To receive a partial pension, you need to have lived in Canada for at least 10 years after you turned 18, and you must currently reside in Canada as you draw the pension. You will receive some fraction of the full amount corresponding with your number of years of residence. Each year qualifies you for 1/40th of the full pension. So if you’ve been in Canada for 20 years when you apply, you’ll receive 20/40 (or 1/2) of the full pension amount.

On June 2019, the Canadian government increased OAS payments and rolled back the age of eligibility from 67 to 65. These increases included an annual bump in the GIS benefit of $947 for single seniors with the lowest income.

Who is eligible for OAS?

You are eligible to apply for OAS pension and benefits if you are a legal Canadian resident who’s at least 65 and who has resided in Canada for at least 10 years since age 18. Additionally, your net income must be below the maximum amount for a given benefit is eligible to apply for OAS pension and benefits. Your eligibility is not affected by your employment history; you can receive an OAS pension even if you’ve never worked.

If you are currently residing outside Canada, you are eligible for OAS pension and benefits if you are 65 years old, were a Canadian citizen or legal resident on the day before you left Canada, and have lived in Canada for at least 20 years since you turned 18.

If you don’t fit either of these descriptions, you might still qualify if you have lived in or contributed to the social security system of a country with which Canada has established a social security agreement.
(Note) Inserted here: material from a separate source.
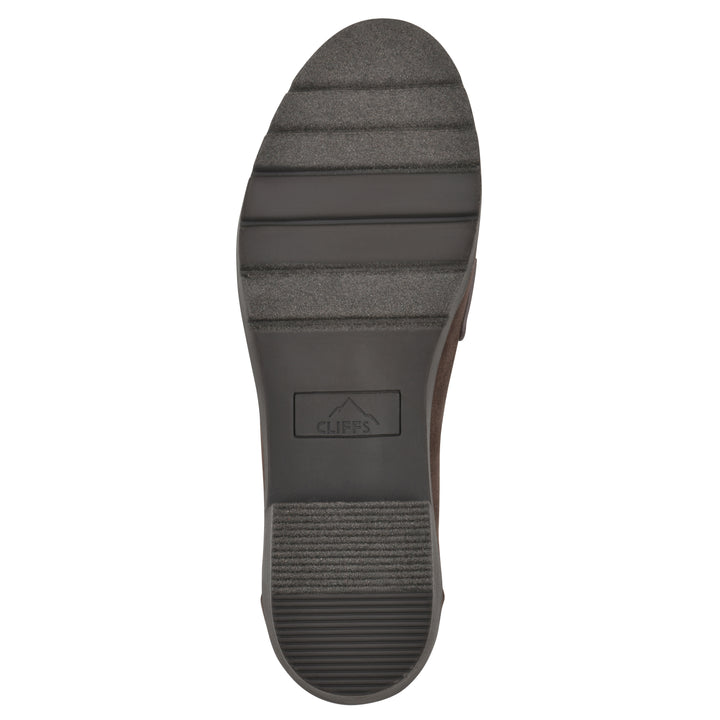 Galah Loafer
To be eligible for a full pension you must have resided in Canada for at least 40 years since your 18th birthday. Additionally, if you were born on or before July 1, 1952, there are some other eligibility requirements that apply. To be eligible for a partial pension you must have resided in Canada for at least 10 years since your 18th birthday and currently reside in Canada.

How do you apply for OAS?

Since 2013, the Canadian government has been automatically enrolling eligible seniors to receive OAS pension, and in December 2017, they expended automatic enrollment to include the GIS.

Those who can be automatically enrolled will receive a notification letter the month after their 64th birthday. If you do not receive such a letter, you will need to apply for the pension or benefits.

You can apply online or by mail at most 12 months before the date on which you want your pension to kick in. You must currently live in Canada to apply online. If you live abroad or prefer using mail, fill out a paper application and send it to Service Canada. You have the option to request retroactive payments for up to 11 months or reaching back to one month after your 65th birthday, whichever of those is the shortest period.

You’ll need to provide a range of personal information when you apply online for your OAS pension and the GIS:

  • your Social Insurance Number (SIN)

  • the SIN and date of birth of your spouse or common-law partner, if applicable

  • address information since age 18

  • the date you want to start receiving your pension

You can receive payments by direct deposit or by cheque. If you’d like to receive monthly amounts by direct deposit you must supply your banking information when you apply to enable digital payments. To receive cheques, you must mail a completed OAS and the GIS Application (ISP-3550) and certified true copies to Service Canada. Alternately you can bring them to a Service Canada office and have an employee certify your documents free of charge.

Be strategic about your OAS

Since the amount you receive in OAS pension depends on how long you’ve been in living in Canada, it’s a good idea to plan ahead about when you may want to start your benefits. If you can delay receiving them until as close to the 40-year timeframe as possible — or even defer them until later — then you’ll end up with more income.